The power of observation
Simple observation of our surroundings can be mundane or meaningful depending on perspective. Thoughtful people such as Archimedes or Sir Isaac Newton explaining things that they observed and reaching conclusions about why they happened provided some of the most basic principles of physics. Observing weather is an integral part of anyone’s life that depends on spending time outdoors to make his or her living. Of course, the next step in observing is forecasting — what will it be like tomorrow?
The network of amateur weather observers, which exists all over the world supplies critical data about conditions, and is an integral part of any forecast model as we have described before. Who are these people? For the most part, they are ordinary folks with a hobby, not necessarily trained meteorologists but willing to spend a few minutes a day recording the basics of temperature, humidity, rain, wind and the barometer.

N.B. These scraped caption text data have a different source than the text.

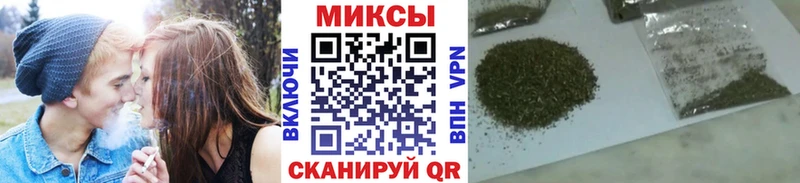 mega ССЫЛКА продажа наркотиков Малмыж Бутират жидкий экстази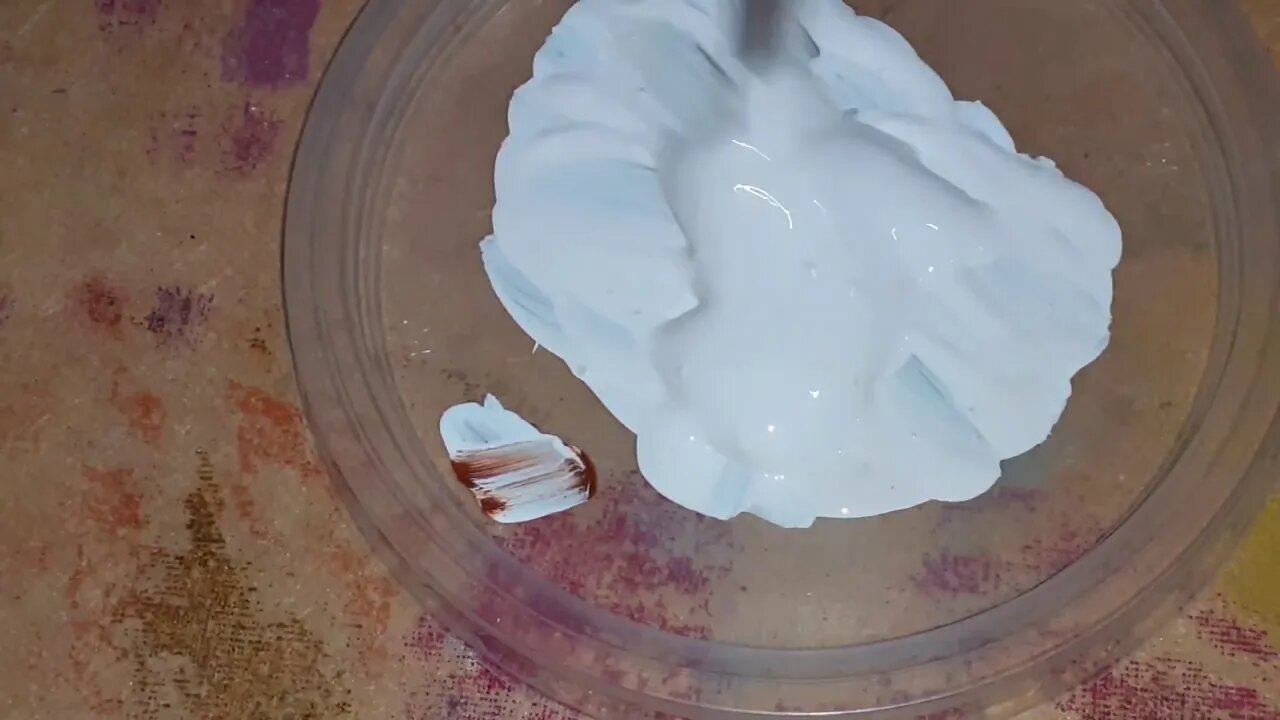 Como fazer a cor Palha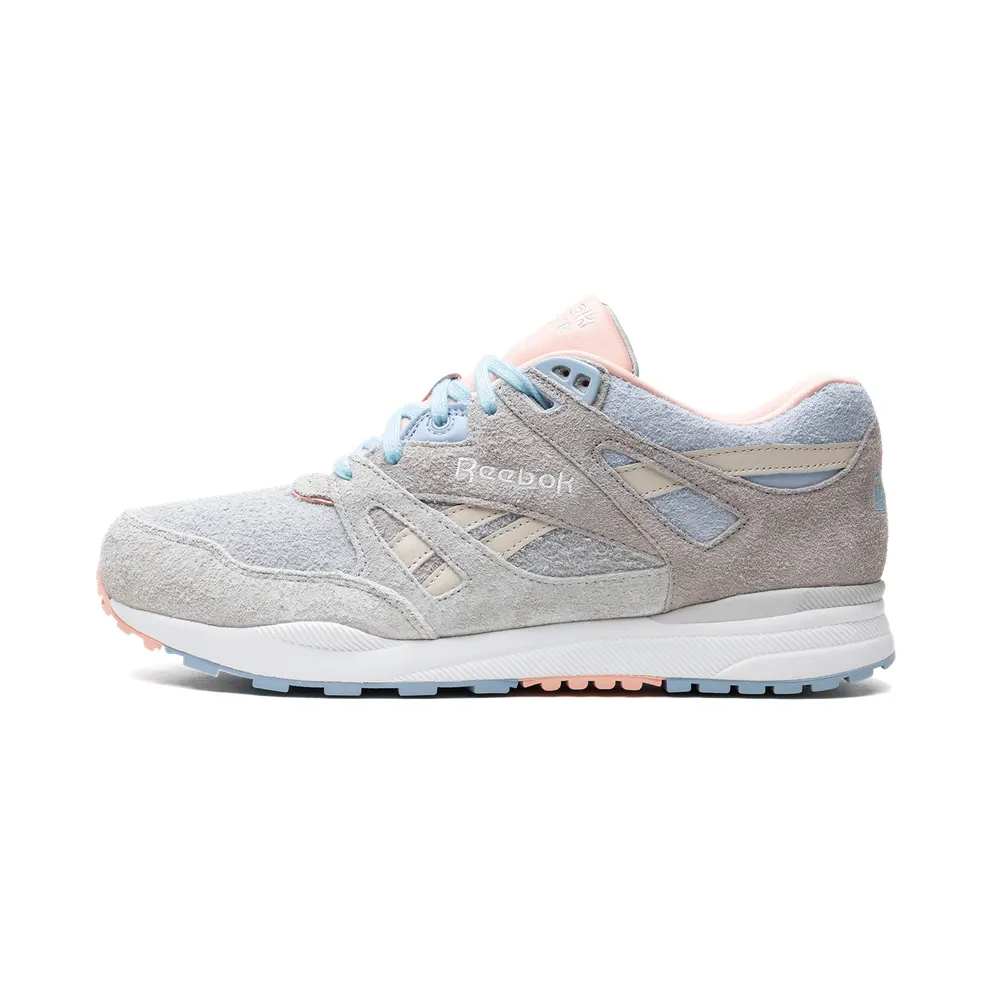 Reebok Ventilator END Husky (Other Brands Reebok)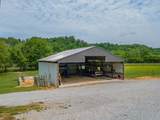 14035 Campbellsville Rd - Photo 4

One such observer was recently recognized for his long-term commitment to supplying weather observations. Richard Hendrickson of Bridgehampton, N.Y. has been collecting daily observations since 1930, and is still going strong at age 101. The National Weather Service recently recognized Mr. Hendrickson for his contributions to the scientific community and all of us who rely on accurate forecasting. For Mr. Hendrickson and many others the daily reports are an unpaid hobby but an important service to the community. Anyone can adopt this hobby and training is available through the NWS to insure that the collected data is accurate. The weather station can be as simple or complex as the finances allow and the interest grows but every one provides a reward to both the data gatherer and the rest of us.
Hats off to Mr. Hendrickson and weather watchers everywhere!